*** Block opens ***
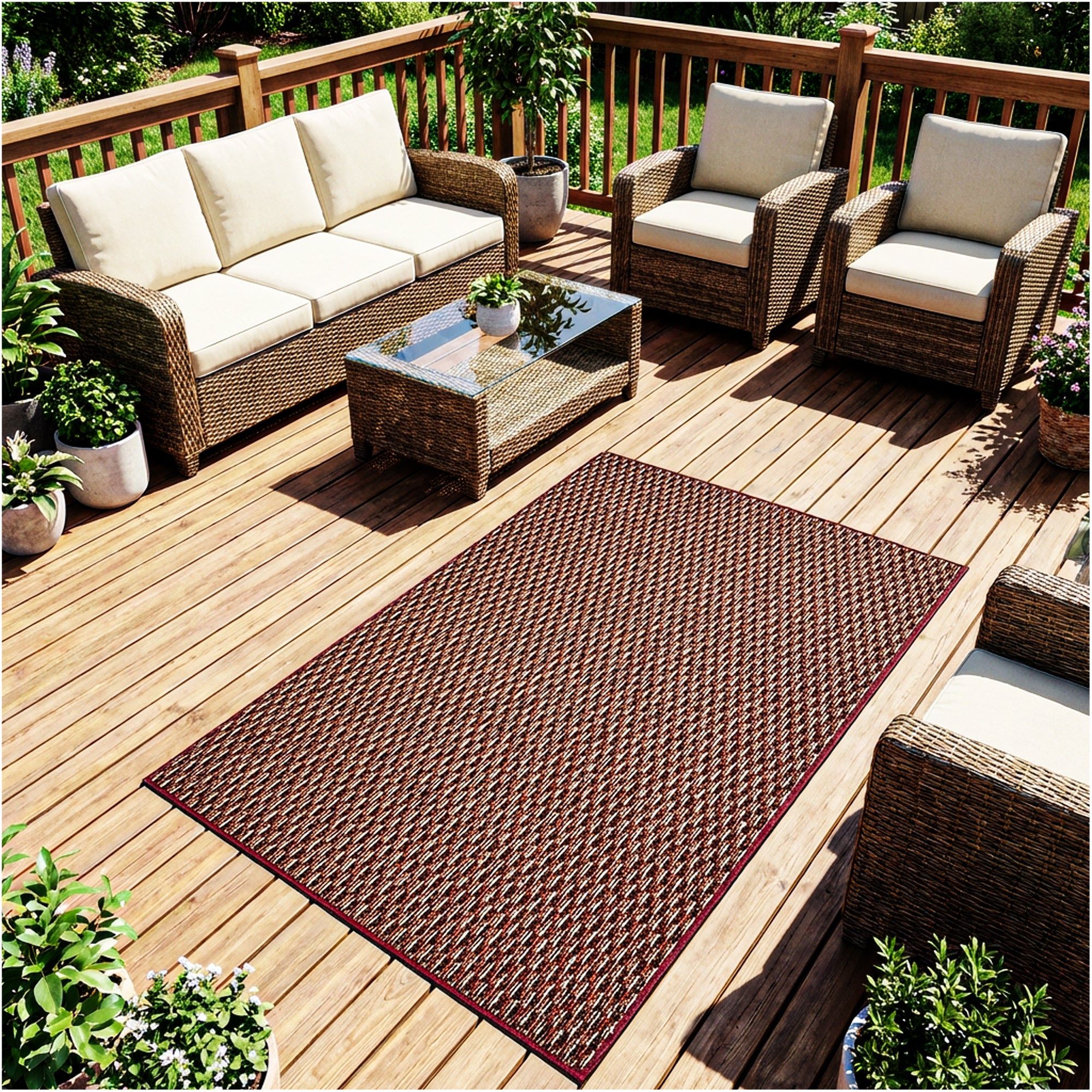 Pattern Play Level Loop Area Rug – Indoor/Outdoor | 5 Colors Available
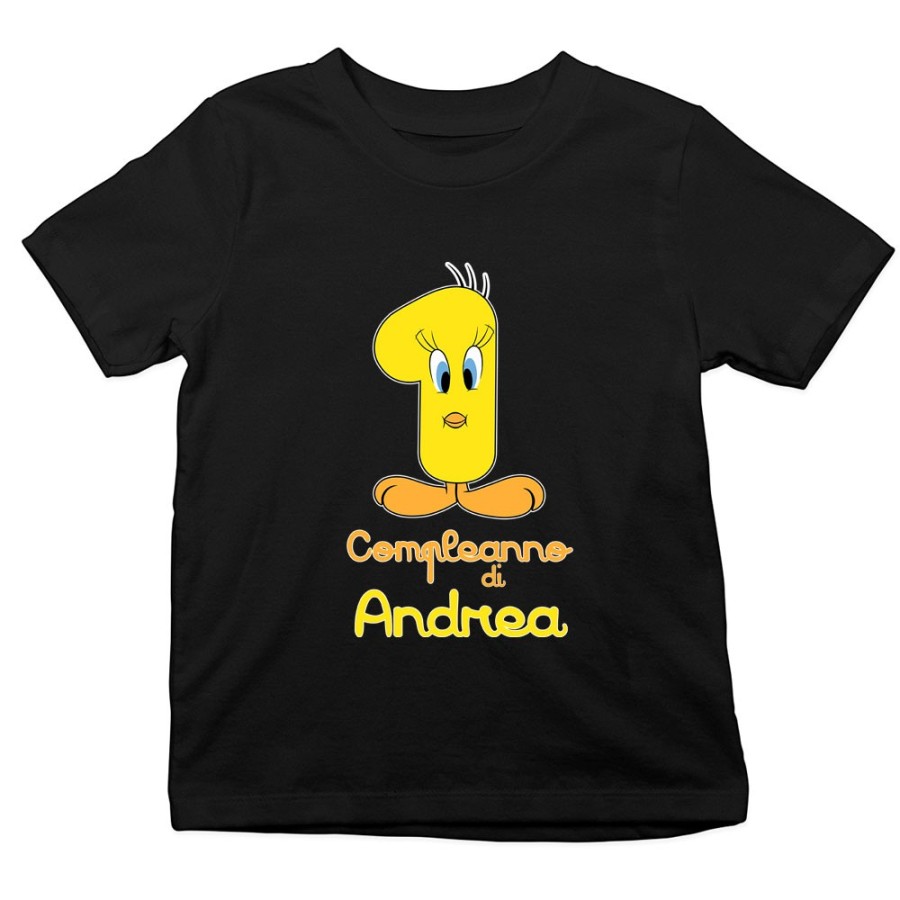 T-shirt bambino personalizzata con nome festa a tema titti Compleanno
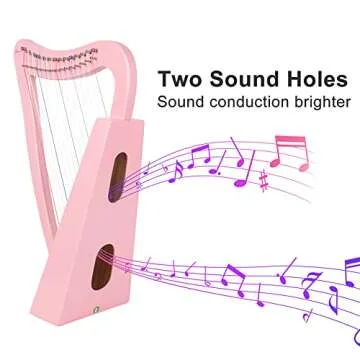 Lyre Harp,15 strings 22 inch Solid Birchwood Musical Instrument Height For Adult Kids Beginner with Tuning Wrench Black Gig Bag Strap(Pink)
*** Block closes ***
### WORK REQUEST
Each line above is to be repeated exactly as written; no picture is carried over.

### YOUR RESPONSE
 Pattern Play Level Loop Area Rug – Indoor/Outdoor | 5 Colors Available
 T-shirt bambino personalizzata con nome festa a tema titti Compleanno
 Lyre Harp,15 strings 22 inch Solid Birchwood Musical Instrument Height For Adult Kids Beginner with Tuning Wrench Black Gig Bag Strap(Pink)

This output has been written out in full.